Corrosion-induced iron rust causes severe danger, pollution, and economic problems. In this work, nanopowders of Fe(2)O(3) and Fe(2)O(3)/zeolite are synthesized for the first time using rusted iron waste and natural zeolite heulandite by chemical precipitation. The chemical composition, nanomorphologies, structural parameters, and optical behaviors are investigated using different techniques. The Fe(2)O(3)/zeolite nanocomposite showed smaller sizes and greater light absorption capability in visible light than Fe(2)O(3) nanopowder. The XRD pattern shows crystalline hematite (α-Fe(2)O(3)) with a rhombohedral structure. The crystallite sizes for the plane (104) of the Fe(2)O(3) and Fe(2)O(3)/zeolite are 64.84 and 56.53 nm, respectively. The Fe(2)O(3) and Fe(2)O(3)/zeolite have indirect bandgap values of 1.87 and 1.91 eV and direct bandgap values of 2.04 and 2.07 eV, respectively. Fe(2)O(3) and Fe(2)O(3)/zeolite nanophotocatalysts are used for solar photoelectrochemical (PEC) hydrogen production. The Fe(2)O(3)/zeolite exhibits a PEC catalytic hydrogen production rate of 154.45 mmol/g.h @ 1 V in 0.9 M KOH solution, which is the highest value yet for Fe(2)O(3)-based photocatalysts.
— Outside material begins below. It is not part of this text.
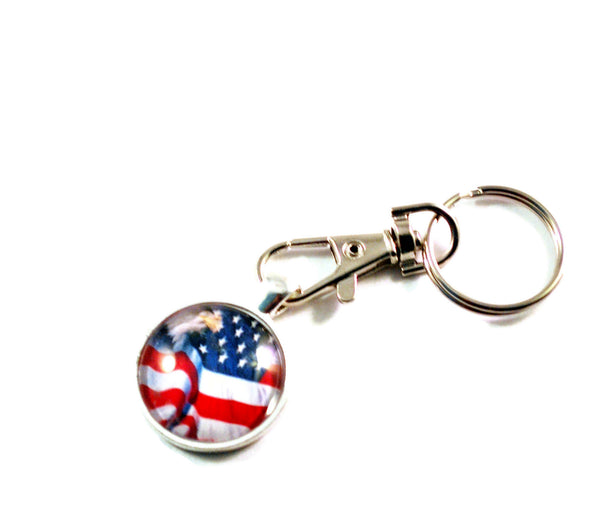 American Flag Key chain, Patriotic Keyrings for Women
The photocurrent density of Fe(2)O(3)/zeolite is almost two times that of Fe(2)O(3) catalyst, and the IPCE (incident photon-to-current conversion efficiency) reached ~27.34%@307 nm and 1 V. The electrochemical surface area (ECSA) values for Fe(2)O(3) and Fe(2)O(3)/zeolite photocatalysts were 7.414 and 21.236 m(2)/g, respectively. The rate of hydrogen production for Fe(2)O(3)/zeolite was 154.44 mmol h(−1)/g. This nanophotocatalyst has a very low PEC corrosion rate of 7.6 pm/year; it can retain ~97% of its initial performance. Therefore, the present research can be applied industrially as a cost-effective technique to address two issues at once by producing solar hydrogen fuel and recycling the rusted iron wires.